▶ _Task goal_: Give a verbatim copy of the data, leaving the pictures out.

▶ _Exercise inputs_:
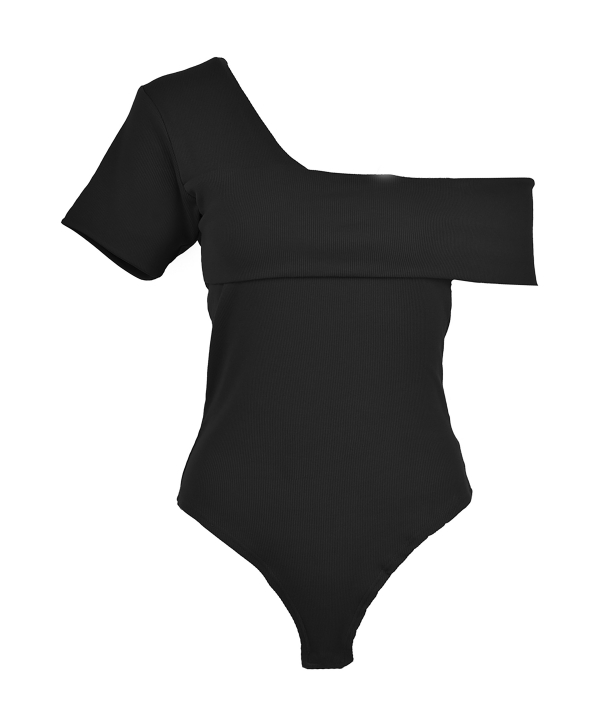 بادی زنانه بادی اسپینر Body Spinner کد 7302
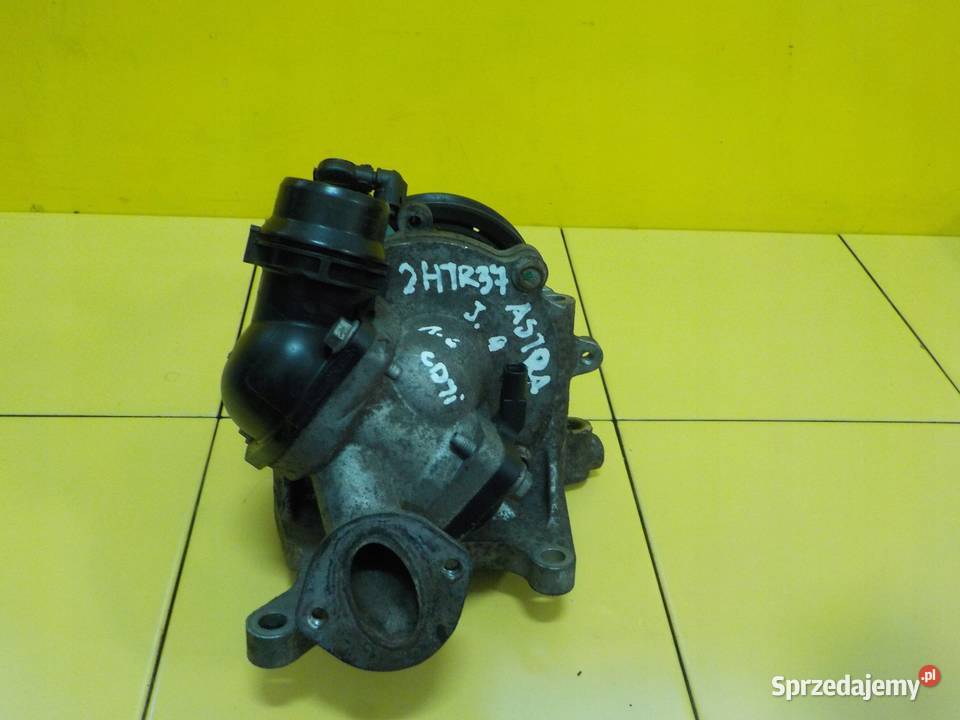 ASTRA J ZAFIRA INSIGNIA MERIVA 16 CDTI 14r 136 świętokrzyskie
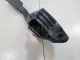 Педаль газа для  Chevrolet Corvette (C6) 2004-2014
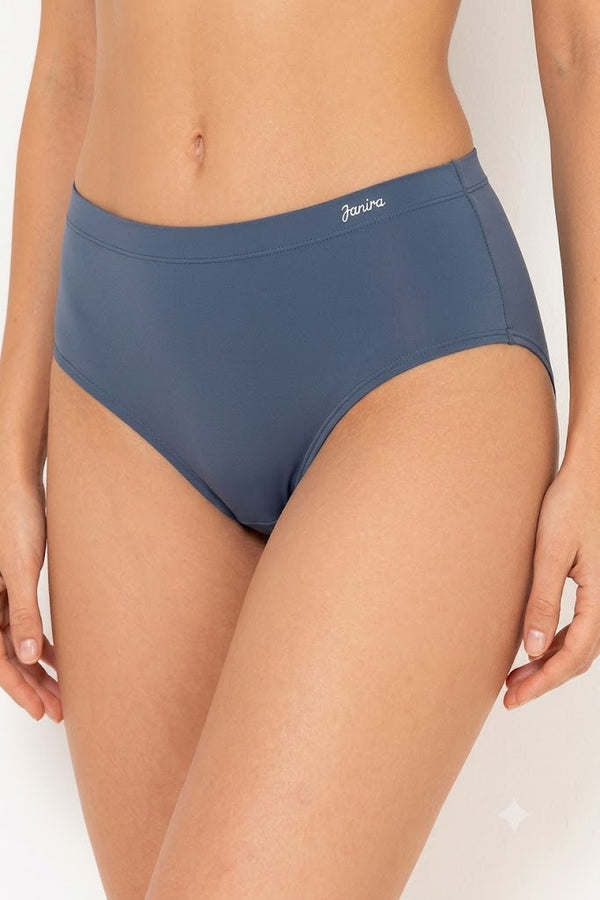 Janira Flexie Adapt Bikini A003762 Blue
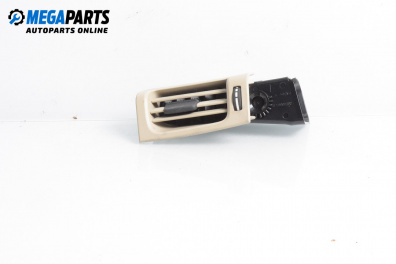 AC heat air vent for Volvo XC60 I SUV (05.2008 - 02.2017)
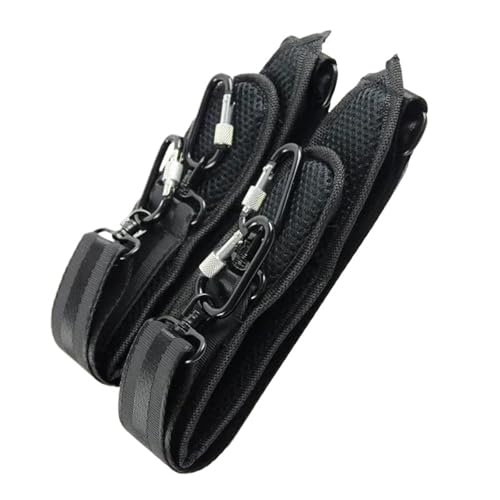 oCIANZT[ nhCh\tgoCIXgbvtTCYP[Xp[cANZT[(Style1)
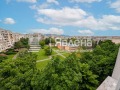 Продава  3-стаен град София , Люлин 3 , 88 кв.м | 16071813 - изображение [16]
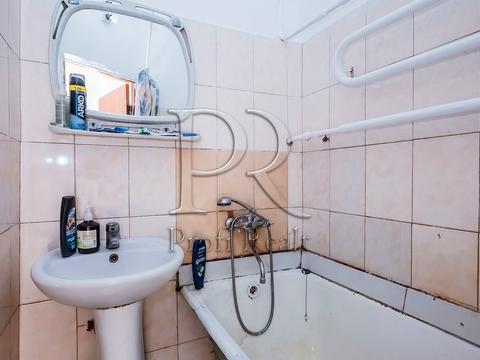 квартира по адресу Миколи Шепелєва ул., 6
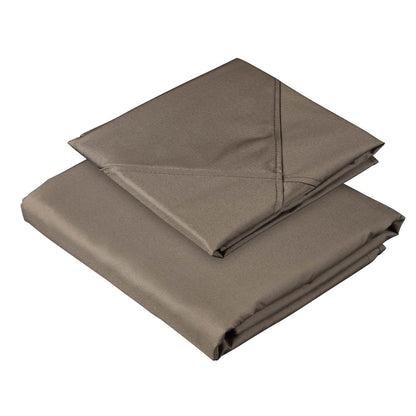 Yescom Petpvilit Canopy Replacement Top 2-Tier 10x10
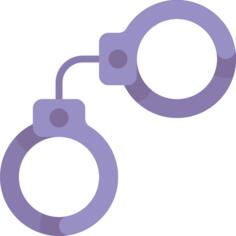 Handcuffs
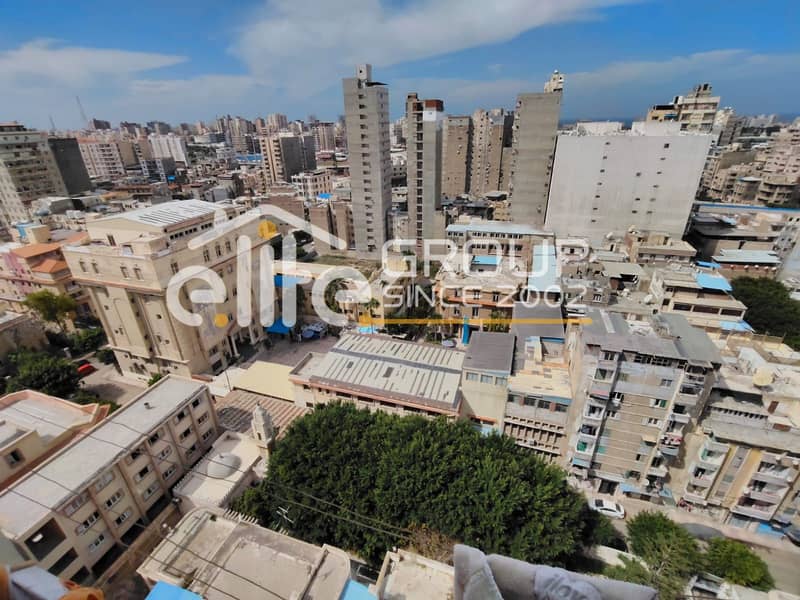 صورة واتساب بتاريخ 2025-11-17 في 13.50. 05_4febd7ec. jpg صورة واتساب بتاريخ 2025-11-17 في 13.50. 05_4febd7ec. jpg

▶ _Task result_:
 بادی زنانه بادی اسپینر Body Spinner کد 7302
 ASTRA J ZAFIRA INSIGNIA MERIVA 16 CDTI 14r 136 świętokrzyskie
 Педаль газа для  Chevrolet Corvette (C6) 2004-2014
 Janira Flexie Adapt Bikini A003762 Blue
 AC heat air vent for Volvo XC60 I SUV (05.2008 - 02.2017)
 oCIANZT[ nhCh\tgoCIXgbvtTCYP[Xp[cANZT[(Style1)
 Продава  3-стаен град София , Люлин 3 , 88 кв.м | 16071813 - изображение [16]
 квартира по адресу Миколи Шепелєва ул., 6
 Yescom Petpvilit Canopy Replacement Top 2-Tier 10x10
 Handcuffs
 صورة واتساب بتاريخ 2025-11-17 في 13.50. 05_4febd7ec. jpg صورة واتساب بتاريخ 2025-11-17 في 13.50. 05_4febd7ec. jpg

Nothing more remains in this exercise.